John's biography recounts at least one episode deemed improbable or legendary. Leo III reportedly sent forged documents to the caliph which implicated John in a plot to attack Damascus. The caliph then ordered John's right hand be cut off and hung up in public view. Some days afterwards, John asked for the restitution of his hand, and prayed fervently to the Theotokos before her icon: thereupon, his hand is said to have been miraculously restored. In gratitude for this miraculous healing, he attached a silver hand to the icon, which thereafter became known as the "Three-handed", or Tricheirousa. That icon is now located in the Hilandar monastery of the Holy Mountain.

Veneration
When the name of John of Damascus was inserted in the General Roman Calendar in 1890, it was assigned to 27 March. The feast day was moved in 1969 to the day of John's death, 4 December, the day on which his feast day is celebrated also in the Byzantine Rite calendar, Lutheran Commemorations, and the Anglican Communion and Episcopal Church.
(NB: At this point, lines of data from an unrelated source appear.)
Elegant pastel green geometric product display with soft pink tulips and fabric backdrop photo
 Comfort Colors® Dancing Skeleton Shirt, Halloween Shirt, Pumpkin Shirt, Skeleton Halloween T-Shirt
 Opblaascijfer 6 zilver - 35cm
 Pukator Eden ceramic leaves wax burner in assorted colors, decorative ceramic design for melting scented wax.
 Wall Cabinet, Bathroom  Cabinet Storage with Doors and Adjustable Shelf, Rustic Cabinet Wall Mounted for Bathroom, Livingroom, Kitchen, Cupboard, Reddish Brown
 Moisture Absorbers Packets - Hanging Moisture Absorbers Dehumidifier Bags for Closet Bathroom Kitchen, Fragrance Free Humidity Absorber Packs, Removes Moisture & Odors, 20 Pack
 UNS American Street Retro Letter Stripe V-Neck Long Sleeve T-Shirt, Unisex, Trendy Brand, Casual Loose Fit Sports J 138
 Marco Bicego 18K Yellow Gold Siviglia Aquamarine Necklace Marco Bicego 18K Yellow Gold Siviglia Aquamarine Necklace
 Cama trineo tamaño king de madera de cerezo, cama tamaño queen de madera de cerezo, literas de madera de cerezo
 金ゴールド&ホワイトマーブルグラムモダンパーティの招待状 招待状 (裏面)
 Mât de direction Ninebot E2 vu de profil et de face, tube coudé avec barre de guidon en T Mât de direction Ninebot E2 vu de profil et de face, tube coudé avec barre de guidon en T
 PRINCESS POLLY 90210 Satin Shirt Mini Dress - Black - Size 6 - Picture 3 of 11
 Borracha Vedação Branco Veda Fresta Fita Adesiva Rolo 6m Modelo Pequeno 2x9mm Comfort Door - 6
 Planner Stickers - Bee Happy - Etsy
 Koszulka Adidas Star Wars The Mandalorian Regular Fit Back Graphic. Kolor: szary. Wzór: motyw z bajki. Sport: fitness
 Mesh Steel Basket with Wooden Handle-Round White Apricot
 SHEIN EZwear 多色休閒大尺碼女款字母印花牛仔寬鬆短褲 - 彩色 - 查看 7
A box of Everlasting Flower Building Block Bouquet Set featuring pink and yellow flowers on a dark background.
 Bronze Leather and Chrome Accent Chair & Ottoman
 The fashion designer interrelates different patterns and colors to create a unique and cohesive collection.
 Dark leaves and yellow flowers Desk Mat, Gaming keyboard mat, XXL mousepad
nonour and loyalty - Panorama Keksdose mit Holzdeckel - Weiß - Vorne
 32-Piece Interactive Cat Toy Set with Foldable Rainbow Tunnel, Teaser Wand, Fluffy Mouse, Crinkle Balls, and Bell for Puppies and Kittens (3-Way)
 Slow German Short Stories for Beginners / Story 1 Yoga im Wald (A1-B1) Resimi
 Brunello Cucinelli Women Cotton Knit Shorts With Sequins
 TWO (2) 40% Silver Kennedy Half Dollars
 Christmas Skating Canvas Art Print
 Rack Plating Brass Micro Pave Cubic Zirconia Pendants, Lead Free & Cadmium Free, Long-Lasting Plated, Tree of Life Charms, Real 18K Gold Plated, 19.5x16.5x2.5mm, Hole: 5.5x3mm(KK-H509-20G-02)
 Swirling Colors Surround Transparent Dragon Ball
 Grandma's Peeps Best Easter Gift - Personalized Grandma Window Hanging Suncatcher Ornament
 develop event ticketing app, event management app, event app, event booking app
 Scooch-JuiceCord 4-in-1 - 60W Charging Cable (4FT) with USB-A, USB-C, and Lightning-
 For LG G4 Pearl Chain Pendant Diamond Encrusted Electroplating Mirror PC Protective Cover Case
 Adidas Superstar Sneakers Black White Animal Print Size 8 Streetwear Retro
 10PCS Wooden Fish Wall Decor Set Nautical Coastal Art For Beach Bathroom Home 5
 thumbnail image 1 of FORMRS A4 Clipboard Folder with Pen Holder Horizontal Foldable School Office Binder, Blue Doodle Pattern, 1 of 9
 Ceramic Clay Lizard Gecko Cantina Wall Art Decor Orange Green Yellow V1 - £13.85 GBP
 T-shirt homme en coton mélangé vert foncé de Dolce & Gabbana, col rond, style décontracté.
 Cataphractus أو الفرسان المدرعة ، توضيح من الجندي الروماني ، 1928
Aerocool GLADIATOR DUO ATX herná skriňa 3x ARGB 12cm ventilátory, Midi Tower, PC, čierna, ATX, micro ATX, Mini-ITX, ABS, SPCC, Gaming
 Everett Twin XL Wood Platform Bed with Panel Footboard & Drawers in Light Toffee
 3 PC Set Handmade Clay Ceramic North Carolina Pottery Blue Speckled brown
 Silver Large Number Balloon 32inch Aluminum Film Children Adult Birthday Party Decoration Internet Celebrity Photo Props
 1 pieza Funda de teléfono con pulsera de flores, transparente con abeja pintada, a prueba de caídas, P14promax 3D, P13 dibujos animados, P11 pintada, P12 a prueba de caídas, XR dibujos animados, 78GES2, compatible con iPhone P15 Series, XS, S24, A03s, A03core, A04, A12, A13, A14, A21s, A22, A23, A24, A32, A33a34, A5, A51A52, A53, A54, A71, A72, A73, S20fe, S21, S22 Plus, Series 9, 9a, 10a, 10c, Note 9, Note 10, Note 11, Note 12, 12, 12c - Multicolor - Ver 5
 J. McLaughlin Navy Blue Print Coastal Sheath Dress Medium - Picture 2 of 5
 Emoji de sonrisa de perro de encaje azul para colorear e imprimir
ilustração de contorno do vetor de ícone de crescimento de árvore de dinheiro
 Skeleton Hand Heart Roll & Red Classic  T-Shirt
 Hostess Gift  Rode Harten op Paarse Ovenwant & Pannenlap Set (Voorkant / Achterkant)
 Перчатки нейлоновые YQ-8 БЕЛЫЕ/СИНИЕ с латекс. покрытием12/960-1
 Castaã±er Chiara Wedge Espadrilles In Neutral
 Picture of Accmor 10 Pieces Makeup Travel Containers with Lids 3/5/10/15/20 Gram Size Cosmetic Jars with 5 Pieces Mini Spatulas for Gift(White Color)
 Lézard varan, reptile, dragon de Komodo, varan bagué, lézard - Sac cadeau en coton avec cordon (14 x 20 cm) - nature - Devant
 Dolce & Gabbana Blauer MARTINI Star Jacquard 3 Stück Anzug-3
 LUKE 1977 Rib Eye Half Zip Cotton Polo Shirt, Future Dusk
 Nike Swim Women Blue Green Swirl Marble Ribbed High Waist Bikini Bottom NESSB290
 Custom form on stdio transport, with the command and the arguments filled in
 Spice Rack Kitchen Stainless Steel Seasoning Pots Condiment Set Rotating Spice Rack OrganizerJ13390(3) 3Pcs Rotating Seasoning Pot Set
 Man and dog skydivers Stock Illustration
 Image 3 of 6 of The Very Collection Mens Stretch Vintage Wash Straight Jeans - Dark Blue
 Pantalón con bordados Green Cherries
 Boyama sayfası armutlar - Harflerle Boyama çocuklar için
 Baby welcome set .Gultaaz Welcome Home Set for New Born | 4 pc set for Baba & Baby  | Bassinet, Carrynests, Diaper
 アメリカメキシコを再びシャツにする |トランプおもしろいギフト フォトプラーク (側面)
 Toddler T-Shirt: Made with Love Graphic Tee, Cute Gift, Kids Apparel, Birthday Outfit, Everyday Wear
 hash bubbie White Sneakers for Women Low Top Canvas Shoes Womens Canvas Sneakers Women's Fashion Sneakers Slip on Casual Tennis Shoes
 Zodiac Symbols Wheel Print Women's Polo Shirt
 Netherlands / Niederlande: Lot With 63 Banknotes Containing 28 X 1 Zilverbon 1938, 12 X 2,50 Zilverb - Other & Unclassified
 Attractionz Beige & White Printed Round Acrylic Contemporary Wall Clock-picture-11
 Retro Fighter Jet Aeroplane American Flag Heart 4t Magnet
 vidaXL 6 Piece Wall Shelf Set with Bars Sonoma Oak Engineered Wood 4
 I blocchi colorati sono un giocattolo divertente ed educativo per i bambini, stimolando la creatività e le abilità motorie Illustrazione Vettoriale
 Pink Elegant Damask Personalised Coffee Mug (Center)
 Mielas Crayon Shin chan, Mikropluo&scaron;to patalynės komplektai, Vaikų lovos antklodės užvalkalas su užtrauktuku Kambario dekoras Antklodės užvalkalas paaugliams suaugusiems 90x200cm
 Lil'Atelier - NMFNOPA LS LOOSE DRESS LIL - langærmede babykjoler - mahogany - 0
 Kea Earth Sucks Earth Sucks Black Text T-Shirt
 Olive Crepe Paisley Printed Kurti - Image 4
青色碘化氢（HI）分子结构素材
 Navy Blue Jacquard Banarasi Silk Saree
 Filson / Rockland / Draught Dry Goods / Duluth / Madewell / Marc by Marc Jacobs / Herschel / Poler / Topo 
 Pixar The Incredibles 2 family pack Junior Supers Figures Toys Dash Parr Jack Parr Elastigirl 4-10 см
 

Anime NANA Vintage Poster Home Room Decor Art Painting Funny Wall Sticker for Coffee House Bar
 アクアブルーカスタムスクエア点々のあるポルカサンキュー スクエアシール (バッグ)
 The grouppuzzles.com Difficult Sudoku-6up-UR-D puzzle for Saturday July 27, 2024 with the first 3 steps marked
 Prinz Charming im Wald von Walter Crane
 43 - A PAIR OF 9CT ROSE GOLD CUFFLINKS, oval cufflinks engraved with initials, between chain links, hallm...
John of Damascus is honored in the Church of England and in the Episcopal Church on 4 December.

In 1890, he was declared a Doctor of the Church by Pope Leo XIII.

List of works

Besides his purely textual works, many of which are listed below, John of Damascus also composed hymns, perfecting the canon, a structured hymn form used in Byzantine Rite liturgies.

Early works
 Three Apologetic Treatises against those Decrying the Holy Images – These treatises were among his earliest expositions in response to the edict by the Byzantine Emperor Leo III, banning the veneration or exhibition of holy images.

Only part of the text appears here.